» What to do:
Exact copy, pictures excluded: the lines from the one containing "Hanoi Train Street Coffee Shops Guide" to the end of the listing.

» Source data:
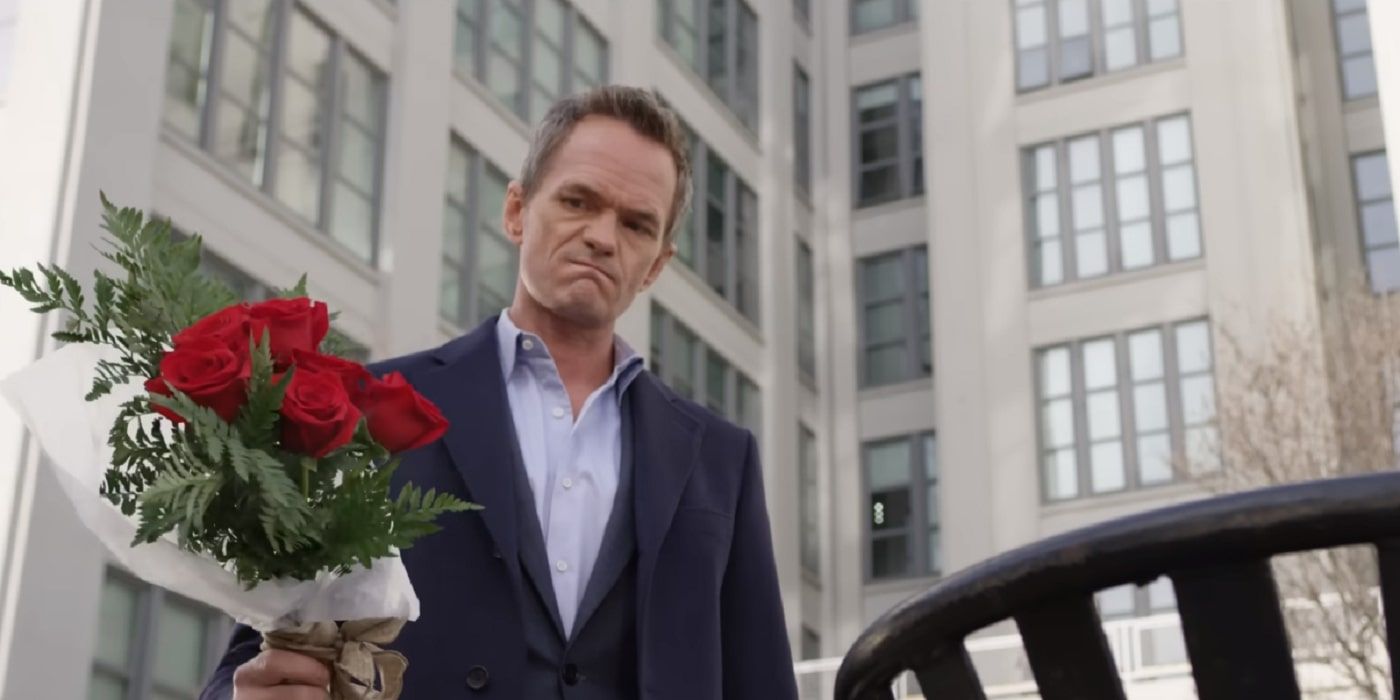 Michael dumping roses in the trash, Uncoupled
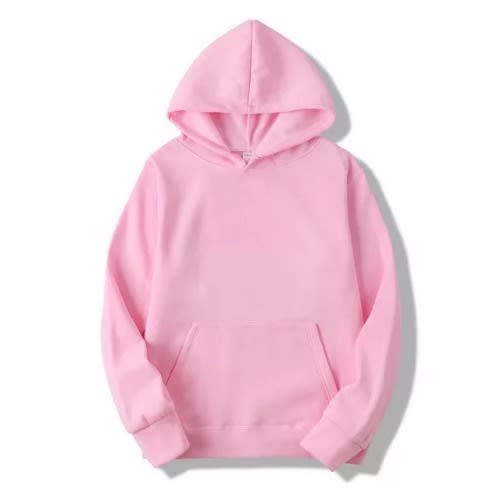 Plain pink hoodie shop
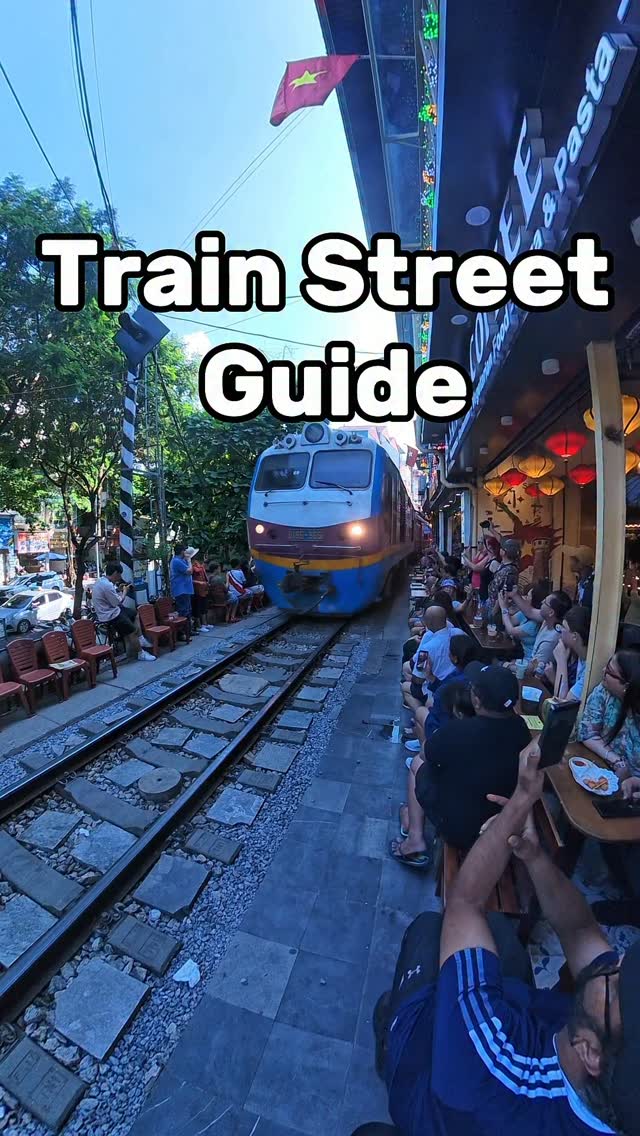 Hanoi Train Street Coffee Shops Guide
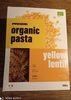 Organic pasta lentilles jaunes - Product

» Solution to this exercise:
 Hanoi Train Street Coffee Shops Guide
 Organic pasta lentilles jaunes - Product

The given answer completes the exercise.